NanoClaw Creator Loses SEO War to Impostor Site

▼ Summary
– A fake website (nanoclaw.net) is outranking the real site (nanoclaw.dev) for the NanoClaw project’s name in Google search results.
– The creator, Gavriel Cohen, built the real site after the fake one appeared and took standard SEO steps, but the impostor site remains higher ranked.
– The fake site poses a security risk as it could be replaced with malicious content and spreads incorrect information about the project.
– This ranking problem extends beyond Google, occurring on most major search engines, with only Mojeek correctly ranking the real site.

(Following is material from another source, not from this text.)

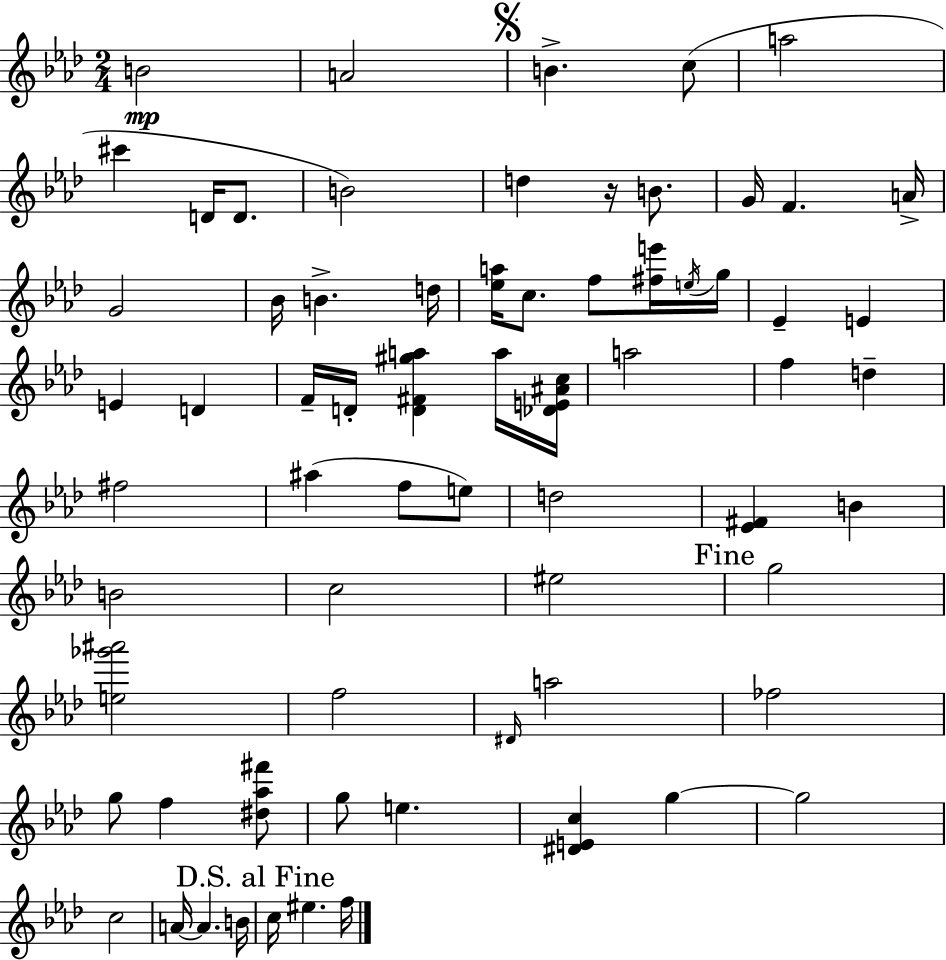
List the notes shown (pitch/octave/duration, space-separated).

B4/h A4/h B4/q. C5/e A5/h C#6/q D4/s D4/e. B4/h D5/q R/s B4/e. G4/s F4/q. A4/s G4/h Bb4/s B4/q. D5/s [Eb5,A5]/s C5/e. F5/e [F#5,E6]/s E5/s G5/s Eb4/q E4/q E4/q D4/q F4/s D4/s [D4,F#4,G#5,A5]/q A5/s [Db4,E4,A#4,C5]/s A5/h F5/q D5/q F#5/h A#5/q F5/e E5/e D5/h [Eb4,F#4]/q B4/q B4/h C5/h EIS5/h G5/h [E5,Gb6,A#6]/h F5/h D#4/s A5/h FES5/h G5/e F5/q [D#5,Ab5,F#6]/e G5/e E5/q. [D#4,E4,C5]/q G5/q G5/h C5/h A4/s A4/q. B4/s C5/s EIS5/q. F5/s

– The incident highlights a vulnerability for new projects, as the fake site was indexed first, making it difficult to correct the ranking later.
The creator of a popular open source AI platform is locked in a frustrating battle for online visibility, as Google and other major search engines consistently rank an impostor website above the project’s legitimate homepage. This incident highlights a critical vulnerability for developers who prioritize code over web presence, demonstrating how quickly digital squatting can undermine a project’s credibility and security.
Gavriel Cohen, the software engineer behind the NanoClaw project, recently detailed the ongoing issue. After launching his security-focused AI agent platform in early February, the project rapidly gained traction, earning significant praise and media coverage. However, around the same time, an unknown party registered the domain nanoclaw.net and populated it with content automatically scraped from the project’s GitHub documentation. Cohen had not yet established a dedicated website, as the GitHub repository served as the project’s central hub.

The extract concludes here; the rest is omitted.